Apple could choose multiple partners for generative AI on iPhone


Apple is reportedly in talks with Alphabet, OpenAI, and Anthropic about using generative AI in iOS 18. Instead of committing to a single partner, Apple could rely on multiple vendors and open up iPhone AI to developers.

According to Bloomberg’s Mark Gurman, Apple is currently in talks with several potential partners about integrating generative AI into the upcoming iOS 18 operating system.

These partners include Google, OpenAI and Anthropic. Talks with Google are most active in the USA. In China, Apple is reportedly negotiating with Baidu.

The idea is that a chatbot service like Google’s Gemini would be deeply integrated into Apple’s operating systems, while Apple’s own AI engine would take on background tasks in the new software.



The exact terms of a potential partnership, including whether it will happen at all, are still up in the air, Gurman said. An exclusive partnership between the two companies would be risky given the antitrust scrutiny of both Apple and Google.

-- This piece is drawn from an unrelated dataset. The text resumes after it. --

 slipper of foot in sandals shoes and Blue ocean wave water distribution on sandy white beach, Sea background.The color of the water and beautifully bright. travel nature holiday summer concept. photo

Apple could rely on several partners for generative AI

It seems more likely that Apple will work with multiple partners and open up iOS to third-party generative AI systems. If Apple works with multiple services, the model could be similar to choosing the search engine provider for the web browser:

The question, however, is why Apple needs – or wants – to rely on outside providers for such an important feature instead of developing it in-house. Gurman suggests a number of possible reasons:

  • Apple could pay to integrate third-party AI. Google could become the preferred provider on iPhones and Android devices.

This could be similar to the current and controversial search engine deal between Apple and Google, which could be upended by the Digital Markets Act. Google pays Apple about $20 billion a year to remain the default search engine on the iPhone. That seems the most likely motivation.

  • Perhaps Apple does not believe in the added value of AI chatbots, but wants to meet user demand and make money.

That sounds like a fair point. Chatbots are not yet a proven business model. ChatGPT on the web isn’t growing anymore, and OpenAI’s attempts to accelerate growth through plugins or GPT have failed so far.